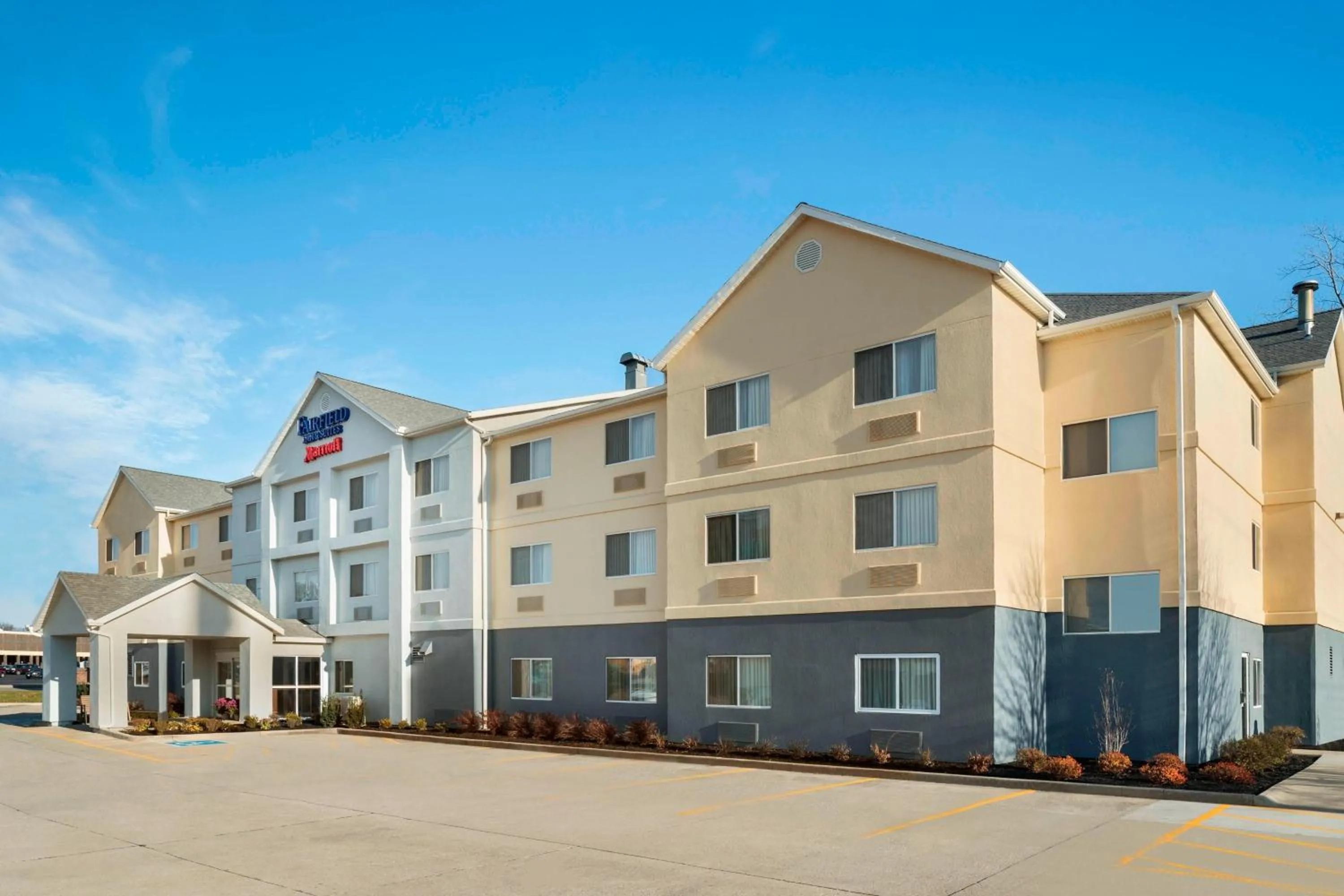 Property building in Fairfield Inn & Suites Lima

----------------------------------------

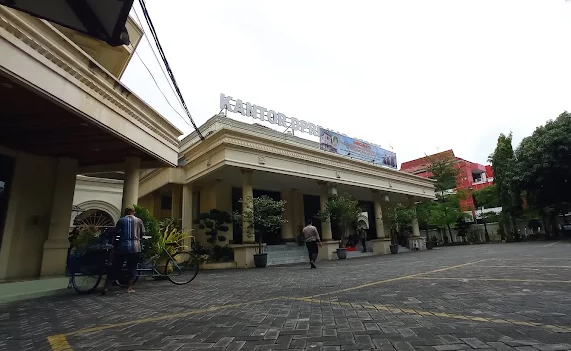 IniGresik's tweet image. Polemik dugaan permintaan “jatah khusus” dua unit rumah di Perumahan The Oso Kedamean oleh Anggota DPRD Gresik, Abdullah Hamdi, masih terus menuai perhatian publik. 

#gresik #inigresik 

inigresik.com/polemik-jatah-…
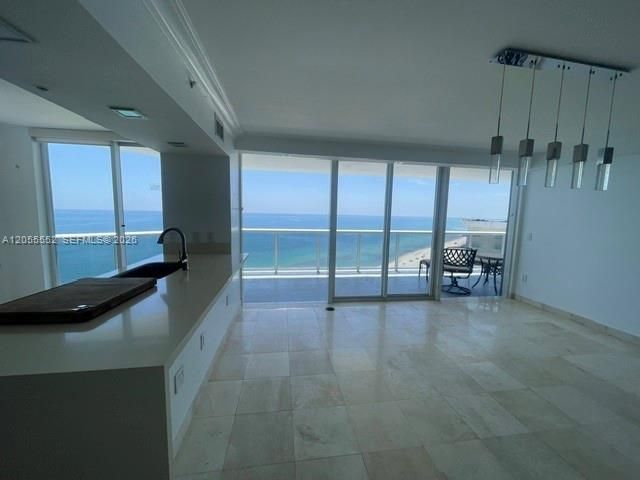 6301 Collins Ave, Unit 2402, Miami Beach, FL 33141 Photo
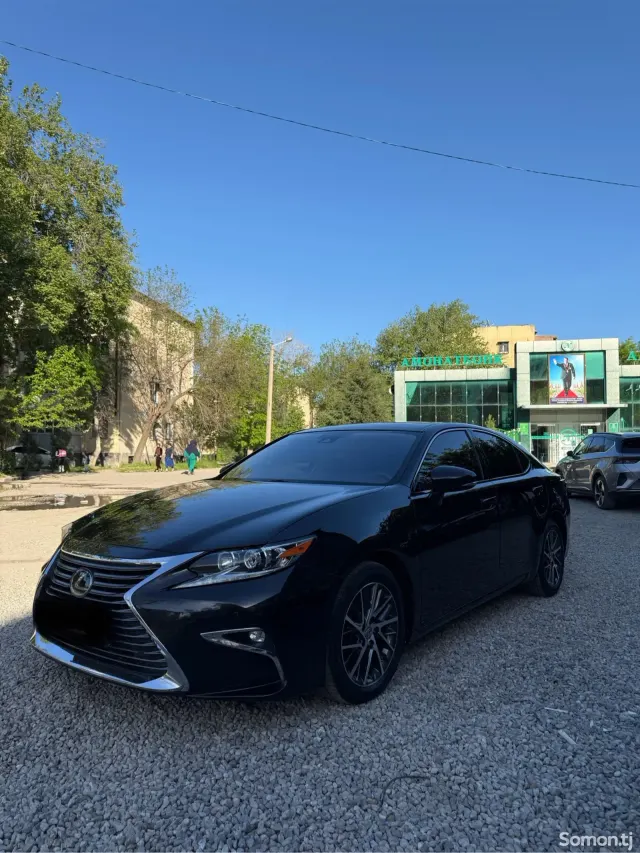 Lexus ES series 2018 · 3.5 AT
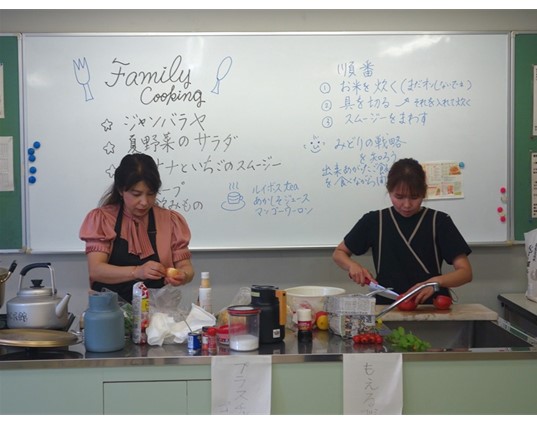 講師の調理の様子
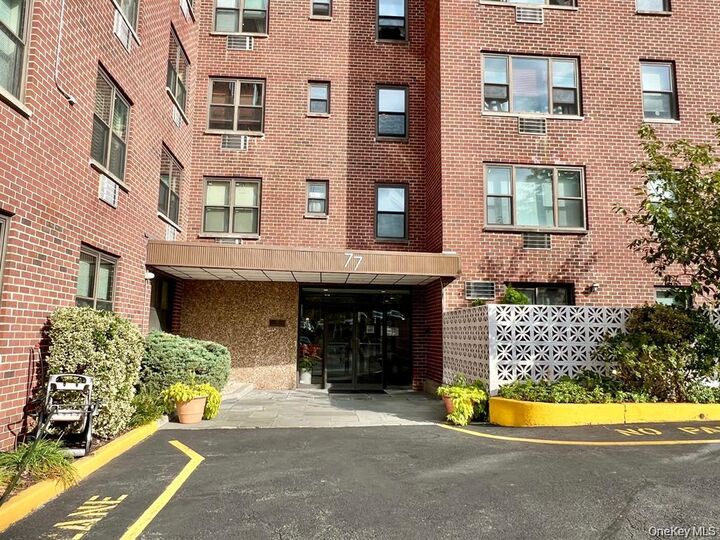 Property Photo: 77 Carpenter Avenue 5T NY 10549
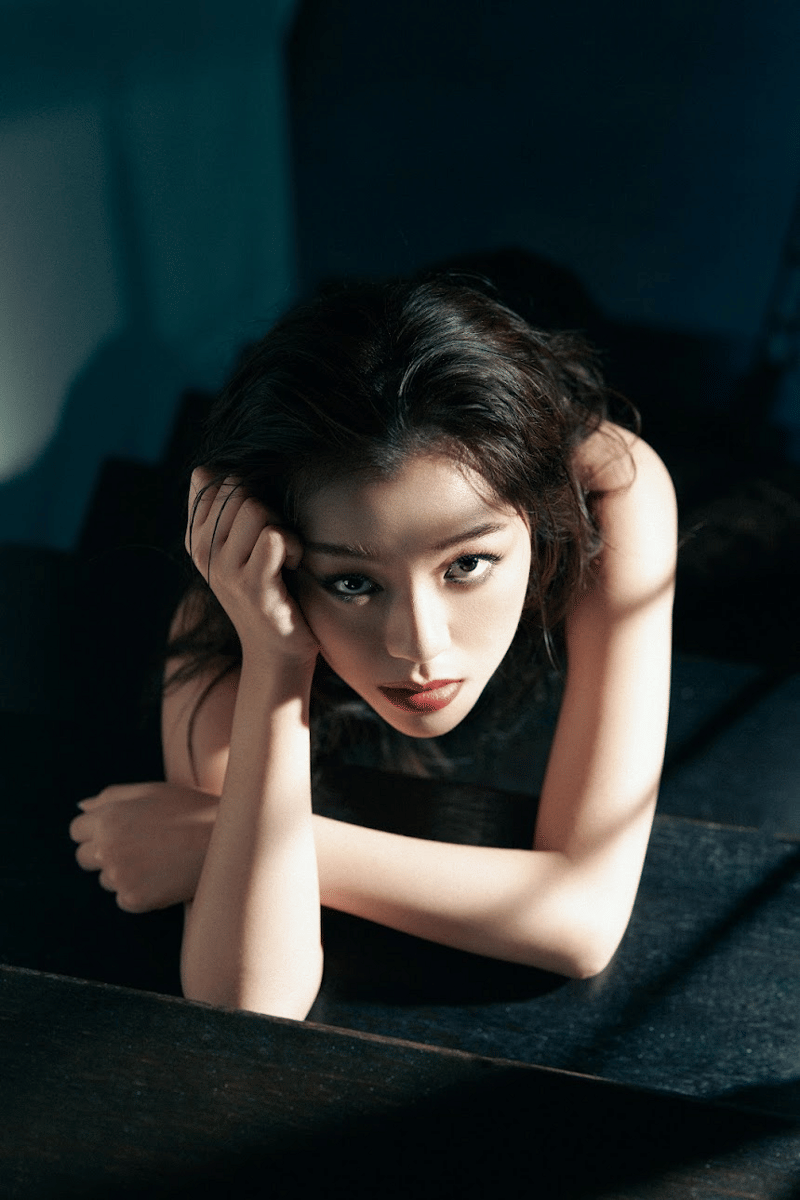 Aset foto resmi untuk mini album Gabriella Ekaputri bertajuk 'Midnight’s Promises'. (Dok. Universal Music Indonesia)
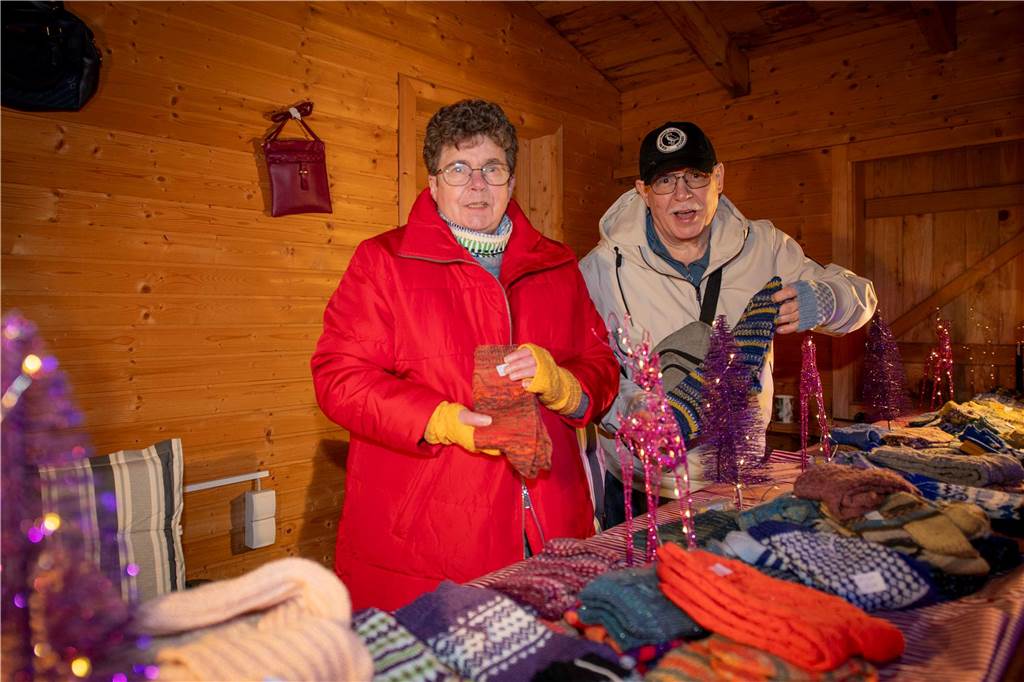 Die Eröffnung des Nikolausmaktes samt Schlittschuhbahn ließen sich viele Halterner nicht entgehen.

----------------------------------------

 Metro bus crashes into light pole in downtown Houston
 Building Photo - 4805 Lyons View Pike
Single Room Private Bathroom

----------------------------------------

REQUIREMENT: What are the lines above from the one with "#gresik #inigresik" to the one with "Die Eröffnung des", both included? Reproduce them exactly, without pictures.

RESULT FOR THIS TASK:
#gresik #inigresik 

inigresik.com/polemik-jatah-…
 6301 Collins Ave, Unit 2402, Miami Beach, FL 33141 Photo
 Lexus ES series 2018 · 3.5 AT
 講師の調理の様子
 Property Photo: 77 Carpenter Avenue 5T NY 10549
 Aset foto resmi untuk mini album Gabriella Ekaputri bertajuk 'Midnight’s Promises'. (Dok. Universal Music Indonesia)
 Die Eröffnung des Nikolausmaktes samt Schlittschuhbahn ließen sich viele Halterner nicht entgehen.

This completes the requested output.